In Shuffle 2 we traverse through the array in reversed order. At every point we find a random index between the beginning of the array and the current index, and swap the current element with the element in the random index.

We can already see these 2 implementations are equivalent.

In Shuffle 3 we swap the current element with a random element selected from the whole array. Strangely, this solution seems more random since each element can be swapped multiple times. But we already see that it won’t provide a truly random permutation. Why? And why do Shuffle 1 and Shuffle 2 work?

Jeff Atwood explains it beautifully in his article “The danger of naivete” [3].

Let’s say we have a 3 card deck. Shuffle 3 will do 3 shuffles: rand(3), rand(3), and rand(3). For a total of 3^3=27 possible outputs. Strange, since in 3 cards we only have 3! = 6 possible permutations. On the other hand shuffles 1 and 2 will do 2 shuffles: rand(3) and rand(2), for a total of 3*2 = 6 possible outputs. So far what we would expect!

Let’s see what the outputs for Shuffling 3 are:

shuffling tree

If we count each occurrence we have: permutation count

So we see clearly that with “Shuffle 3” each possible output won’t be equally likely. Therefore, this is not a suitable algorithm to shuffle or generate random permutations.

Fisher-Yates/Knuth Shuffle

“Shuffle 1” and “Shuffle 2” are an implementation of what is known as Fisher-Yates[4] or Knuth (Algorithm P)[5] Shuffle.

Originally developed as a manual method in the 30’s by Fisher and Yates, with time complexity O(n^2). The above implementations reduce it’s complexity to O(n), by swapping the selected elements and reducing the random index range at every iteration.

Doing a similar analysis as the one showed above would yield the following possible outputs, each one with a count of 1:

{1,2,3},{1,3,2},{2,1,3},{2,3,1},{3,1,2},{3,2,1}

Which is exactly what we want from a random shuffle.

Takeaway

We have seen that minimal changes in the implementation of an algorithm can yield results with undesirable random properties. The difference is subtle, easy to miss, and it’s not evident which implementations are correct and which are not. It’s better to stick with standard libraries when dealing with problems that require truly random results.

References

[1] Steven S. Skiena. 2008. The Algorithm Design Manual (2nd ed.). Springer Publishing Company, Incorporated.

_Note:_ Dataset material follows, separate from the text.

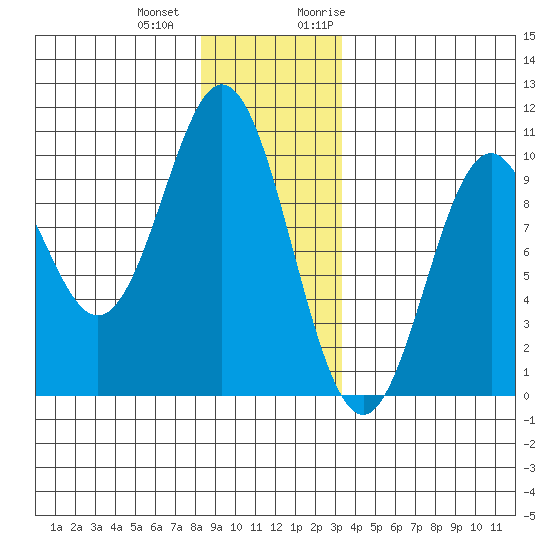 Point St. Albans tide chart for Thursday, December 12, 2024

[2] https://stackoverflow.com/questions/39839119/rank-of-a-permutation

[3] https://blog.codinghorror.com/the-danger-of-naivete/

[4] https://en.wikipedia.org/wiki/Fisher–Yates_shuffle

[5] Donald E. Knuth. 1997. The Art of Computer Programming, Volume 2 (3rd Ed.): Seminumerical Algorithms. Addison-Wesley Longman Publishing Co., Inc., Boston, MA, USA.